#### What you need to do
With the first line as the start and the line containing "Multi-Page Project Completion" as the end, write out every line of the records exactly.

Records to use START

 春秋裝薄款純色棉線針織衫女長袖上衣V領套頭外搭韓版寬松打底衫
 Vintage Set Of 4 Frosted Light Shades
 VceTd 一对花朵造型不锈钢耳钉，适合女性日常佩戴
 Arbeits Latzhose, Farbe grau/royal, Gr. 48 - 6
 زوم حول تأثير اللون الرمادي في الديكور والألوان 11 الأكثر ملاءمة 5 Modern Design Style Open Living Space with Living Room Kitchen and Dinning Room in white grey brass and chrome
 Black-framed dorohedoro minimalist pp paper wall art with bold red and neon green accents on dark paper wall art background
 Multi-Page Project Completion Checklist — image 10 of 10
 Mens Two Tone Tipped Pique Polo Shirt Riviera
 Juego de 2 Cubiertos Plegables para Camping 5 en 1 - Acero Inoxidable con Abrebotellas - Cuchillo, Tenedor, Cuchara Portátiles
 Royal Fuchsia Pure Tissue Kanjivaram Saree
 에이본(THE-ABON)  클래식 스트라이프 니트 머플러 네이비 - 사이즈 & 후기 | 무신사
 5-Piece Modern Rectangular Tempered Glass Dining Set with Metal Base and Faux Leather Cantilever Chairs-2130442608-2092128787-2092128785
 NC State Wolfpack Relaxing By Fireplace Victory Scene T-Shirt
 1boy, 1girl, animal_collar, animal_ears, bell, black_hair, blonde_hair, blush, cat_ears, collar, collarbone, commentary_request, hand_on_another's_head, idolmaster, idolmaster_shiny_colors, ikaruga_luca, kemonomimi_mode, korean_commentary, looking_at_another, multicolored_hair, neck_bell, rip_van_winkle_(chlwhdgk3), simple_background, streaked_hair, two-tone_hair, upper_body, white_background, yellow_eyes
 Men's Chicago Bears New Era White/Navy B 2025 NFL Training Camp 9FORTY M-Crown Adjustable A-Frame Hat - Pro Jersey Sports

Records to use END

#### Answer to this task
 春秋裝薄款純色棉線針織衫女長袖上衣V領套頭外搭韓版寬松打底衫
 Vintage Set Of 4 Frosted Light Shades
 VceTd 一对花朵造型不锈钢耳钉，适合女性日常佩戴
 Arbeits Latzhose, Farbe grau/royal, Gr. 48 - 6
 زوم حول تأثير اللون الرمادي في الديكور والألوان 11 الأكثر ملاءمة 5 Modern Design Style Open Living Space with Living Room Kitchen and Dinning Room in white grey brass and chrome
 Black-framed dorohedoro minimalist pp paper wall art with bold red and neon green accents on dark paper wall art background
 Multi-Page Project Completion Checklist — image 10 of 10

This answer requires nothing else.